Would you copy only the lines below, from the one containing "Schwimmbecken" through the very last one, leaving the pictures out?
====== GIVEN DATA
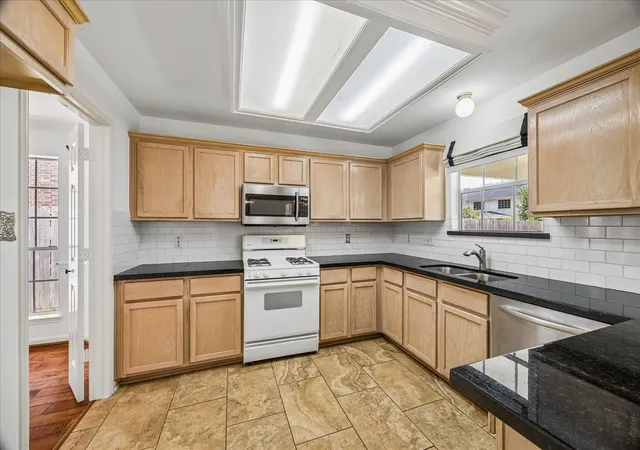 Photo 3 of Single family home for sale at 734 W Clady Dr, Spring, TX 77386 | MLS# 88964641 | Listing updated on 2026-09-01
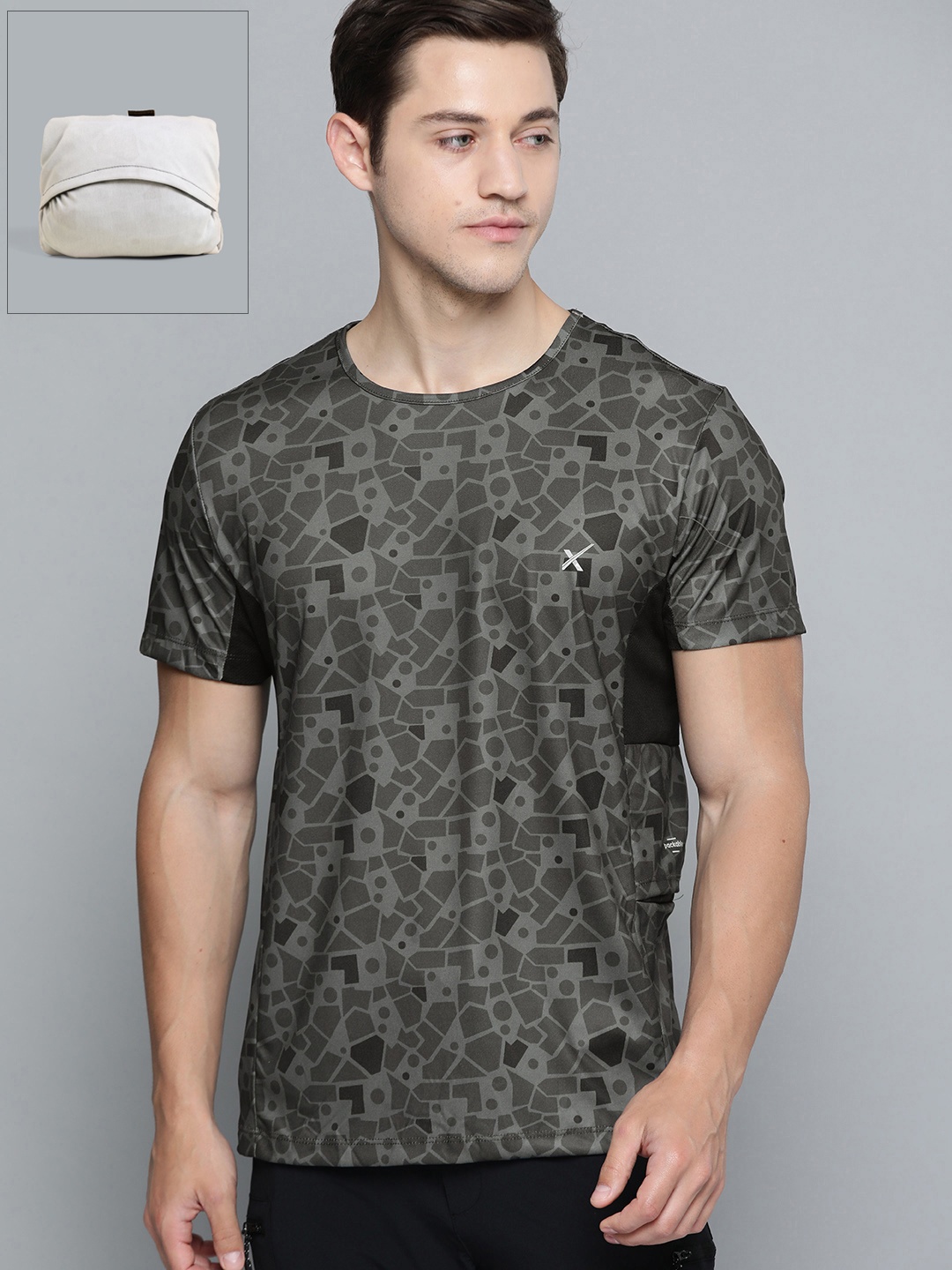 

HRX by Hrithik Roshan Men Wet Weather Printed Rapid-Dry Outdoor Packable T-shirt, Charcoal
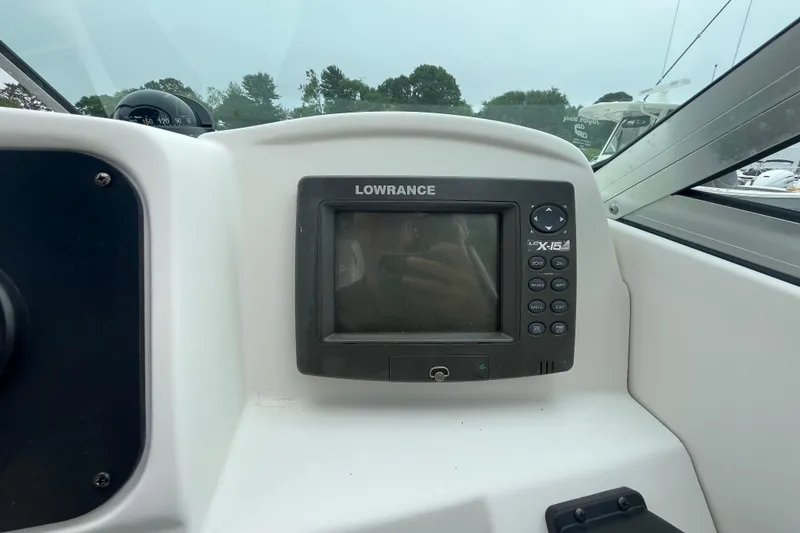 Slide: The Image of Lowrance fishfinder on 2002 Hydra-Sports 202 DC boat dashboard. - 16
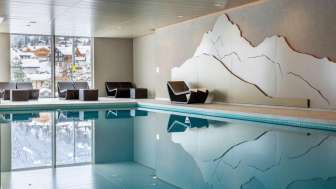 Schwimmbecken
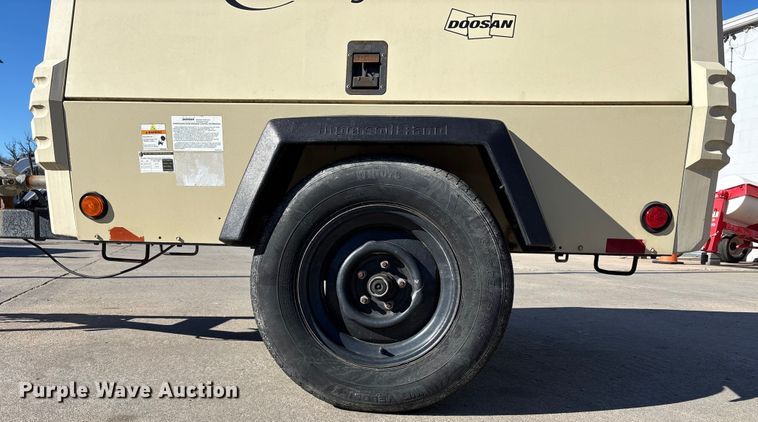 image for item FB3475 2010 Doosan IPI8OWUD-T4I air compressor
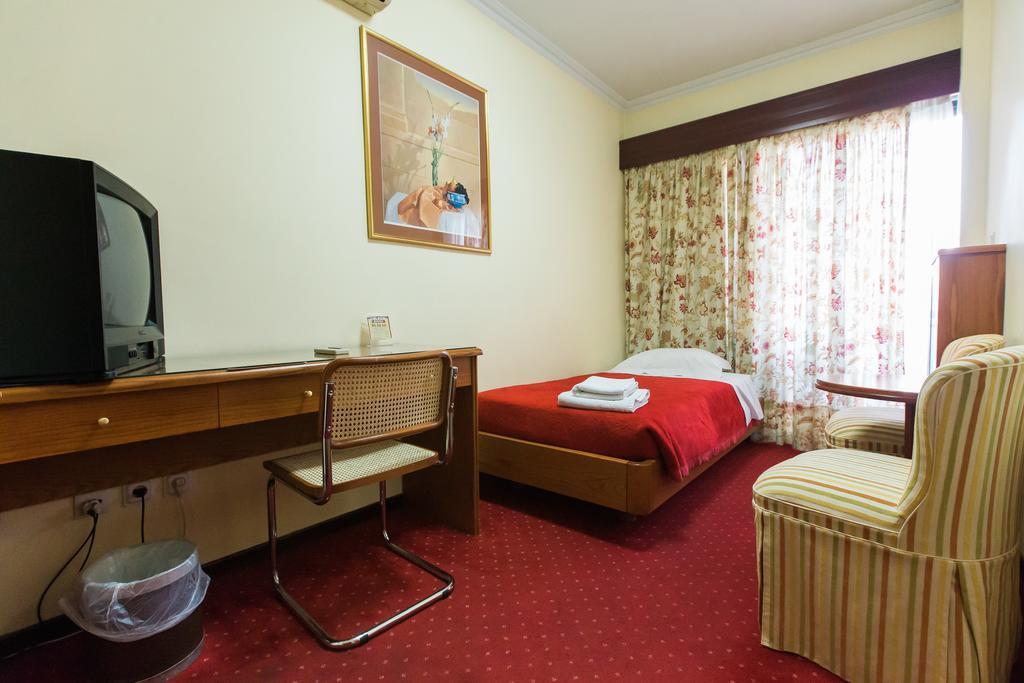 Grand Hotel Larissa Zewnętrze zdjęcie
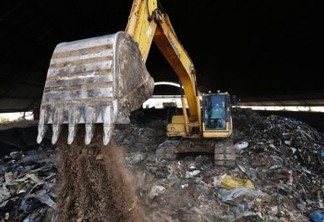 TONELADAS DE ÓLEO VIRANDO COMBUSTÍVEL: Fábricas da Paraíba estão recebendo óleo recolhido das praias para fazer cimento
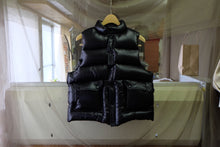 画像をギャラリービューアに読み込む, LOBS " C1 Outback Down Vest "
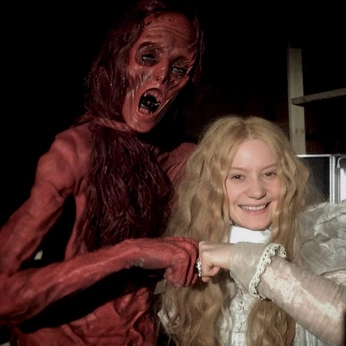 A cover of ":P" cluster. The owner is fleshmaiden. The cluster consists of 17 elements.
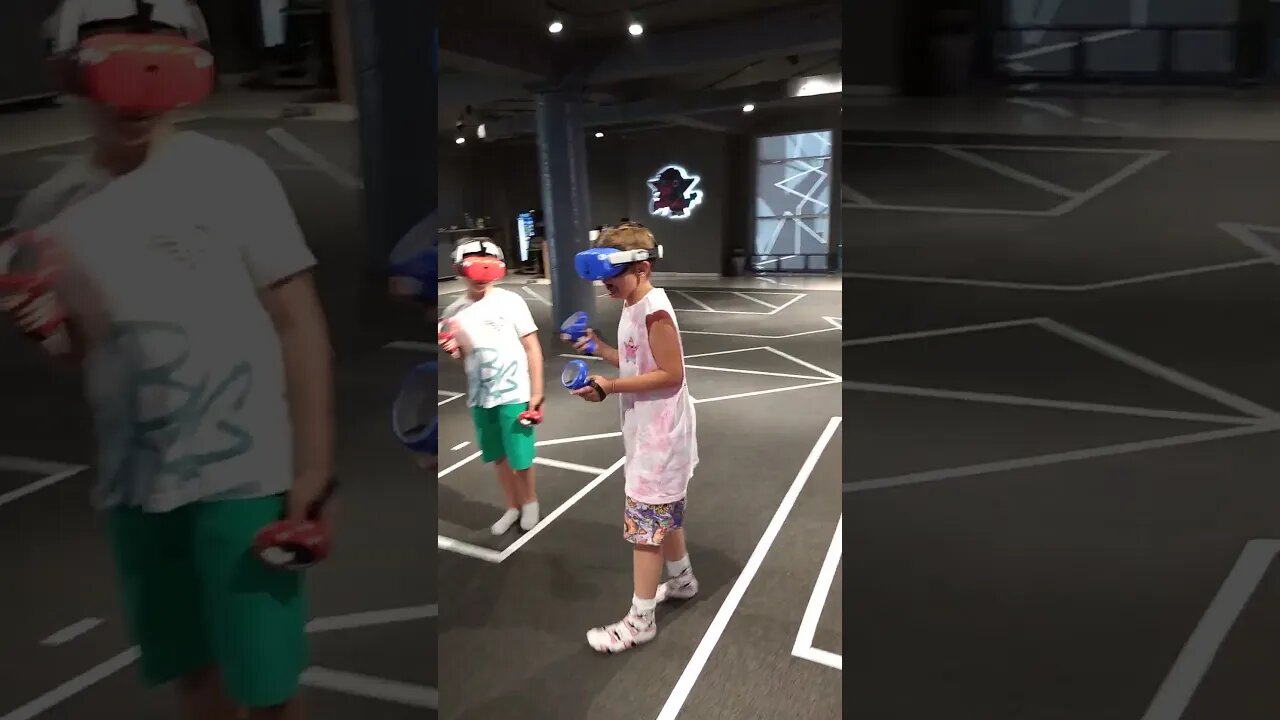 tiktok:unreal.md đŽđžđšī¸ #vr #vrclub #virtualreality #unrealvr #moldova #chisinau #vrarena đ¤ @unrealmd
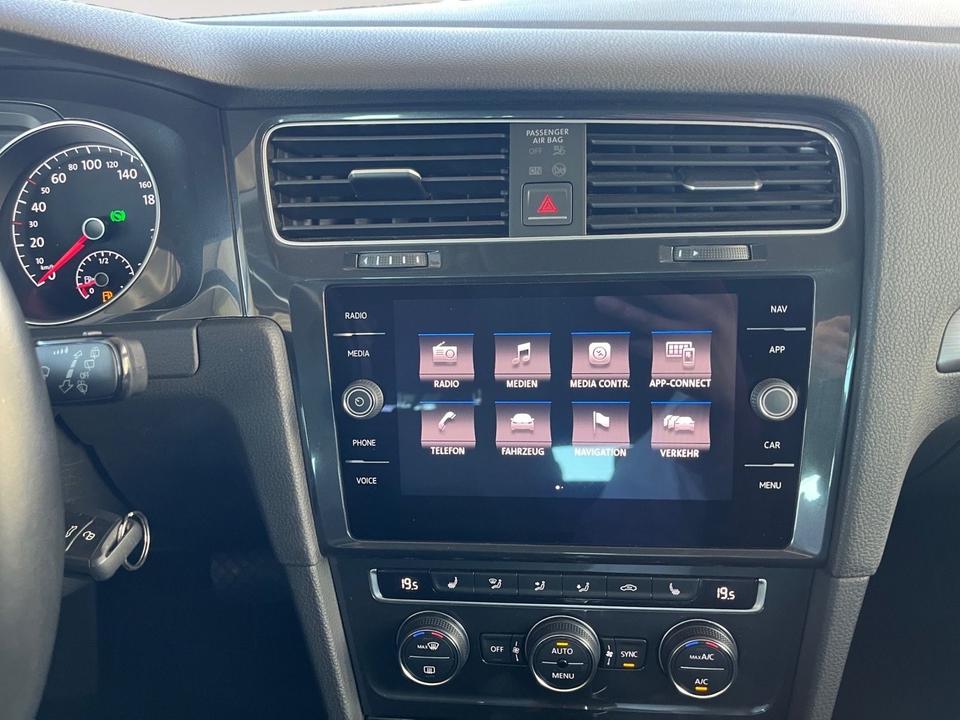 Volkswagen Golf VII Variant 1.6 TDIComfortline NAVI*CARPLAY in Dormagen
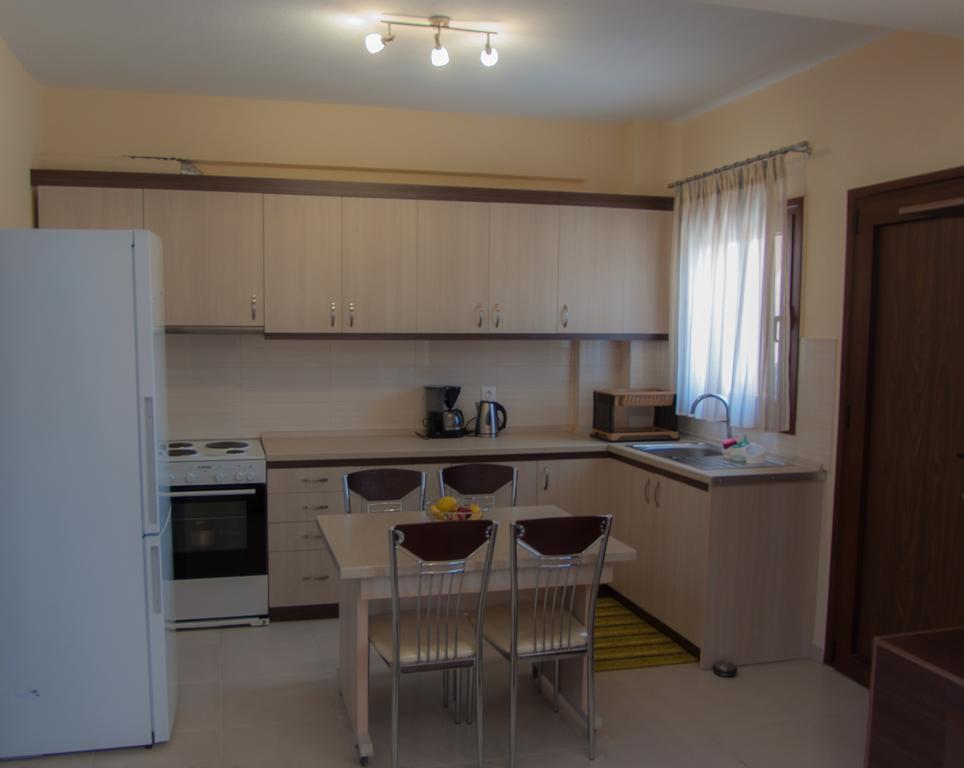 Ianthi Maisonettes Nea Roda Exterior photo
============
* **SOLUTION BELOW**:
 Schwimmbecken
 image for item FB3475 2010 Doosan IPI8OWUD-T4I air compressor
 Grand Hotel Larissa Zewnętrze zdjęcie
 TONELADAS DE ÓLEO VIRANDO COMBUSTÍVEL: Fábricas da Paraíba estão recebendo óleo recolhido das praias para fazer cimento
 画像をギャラリービューアに読み込む, LOBS " C1 Outback Down Vest "
 A cover of ":P" cluster. The owner is fleshmaiden. The cluster consists of 17 elements.
 tiktok:unreal.md đŽđžđšī¸ #vr #vrclub #virtualreality #unrealvr #moldova #chisinau #vrarena đ¤ @unrealmd
 Volkswagen Golf VII Variant 1.6 TDIComfortline NAVI*CARPLAY in Dormagen
 Ianthi Maisonettes Nea Roda Exterior photo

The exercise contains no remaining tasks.